Negli ultimi anni, abbiamo assistito a delocalizzazione di grossi gruppi imprenditoriali perché attratti da amministrazioni vicine che hanno aiutato questi gruppi ad investire. Progetti di sviluppo turistico, valorizzazione del territorio ed altre azioni serviranno a poco se si continua ad impoverire economicamente il territorio.

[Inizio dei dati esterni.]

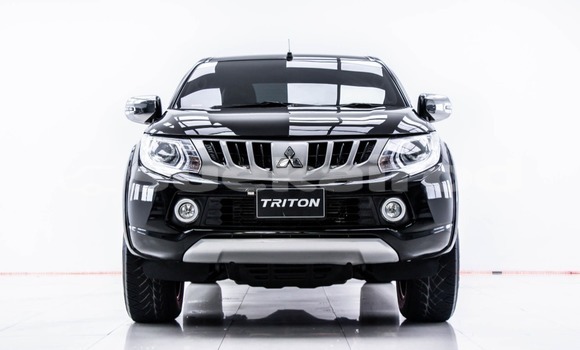 ซื้อ รถมือสอง Mitsubishi Triton สีดำ รถยนต์ ใน %{เมือง} ใน กรุงเทพมหานคร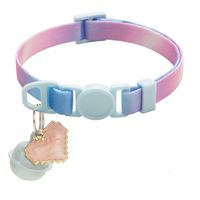 Collier pour animaux de compagnie imperméable imprimé dégradé de couleurs avec clochettes, design moderne, boucle de sécurité, matériau PP, accessoire mignon pour chats et chiens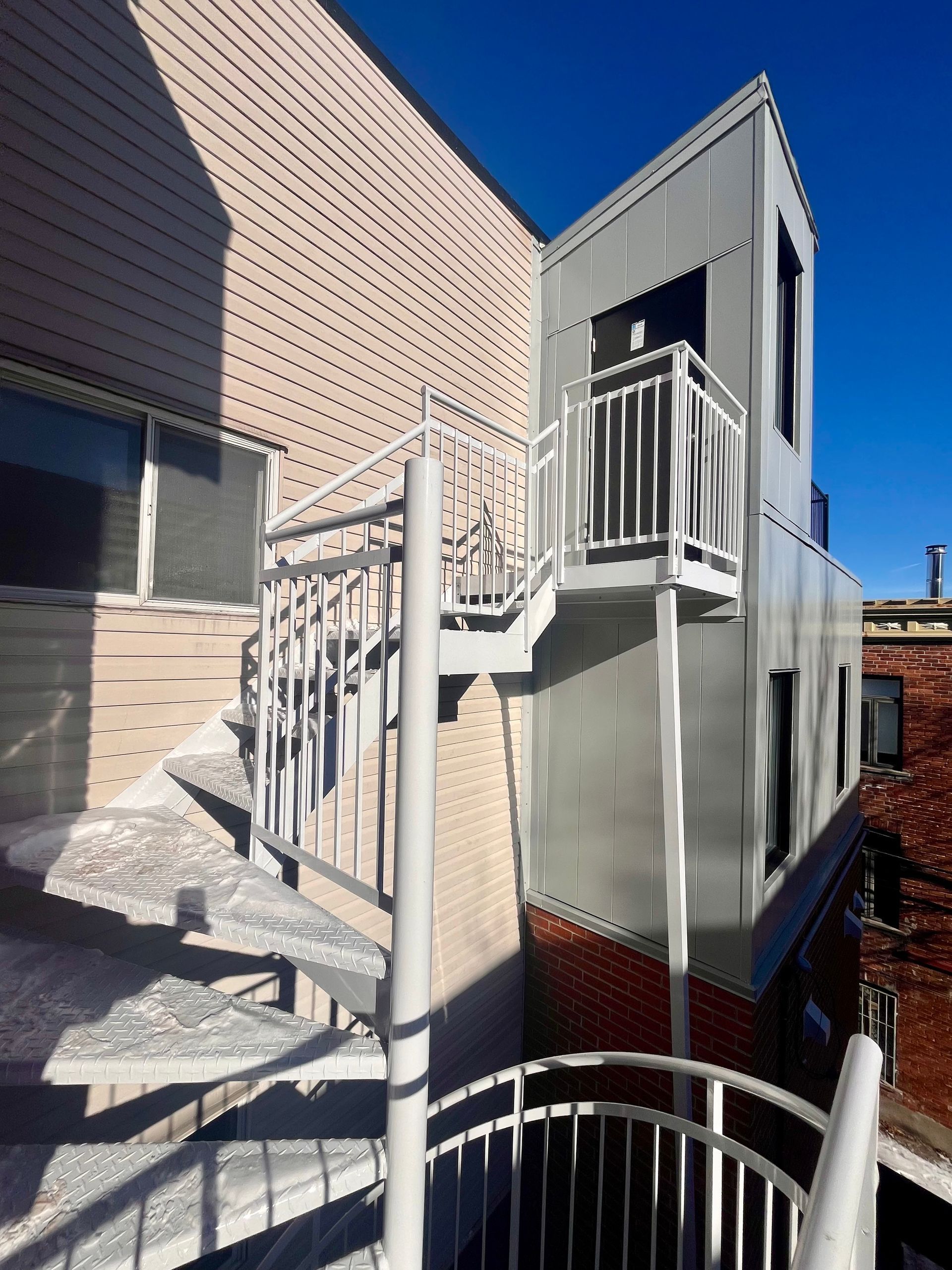 Un escalier en colimaçon sur le côté d'un immeuble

Non si può continuare a chiedere ai soliti noti di sopperire ai mancati introiti derivanti dall’evasione delle tasse, occorre scovare e punire chi evade senza però, com’è successo negli ultimi anni, inviare avvisi di pagamento a tappeto per scovare gli evasori. Oggi esistono strumenti che consentono di incrociare dati per far emergere il sommerso che, con un’accurata verifica sul campo, consente di diminuire la possibilità di evadere.
Non si capisce, poi, perché prima di intervenire si aspetti che i problemi diventino di difficile ed economicamente insostenibile soluzione come per esempio sta avvenendo con le zone industriali. Da anni le aziende che insistono nelle zone industriali chiedono la soluzione di problemi che ne frenano lo sviluppo ed in molti casi la prosecuzione dell’attività, ma sembra che a nessuno interessi intervenire continuando a prendere tempo. Le imprese non possono aspettare i tempi delle amministrazioni e/o della politica, la crisi delle imprese determina un impoverimento irreversibile dei territori. A nulla serviranno i progetti di sviluppo se non si è in grado di risolvere i problemi che frenano lo sviluppo come ad esempio le infrastrutture.
Confcommercio – conclude Gero Nicoletti – è pronta a collaborare con l’amministrazione anche per i prossimi impegni che interesseranno il nuovo piano commerciale e del piano urbano del traffico.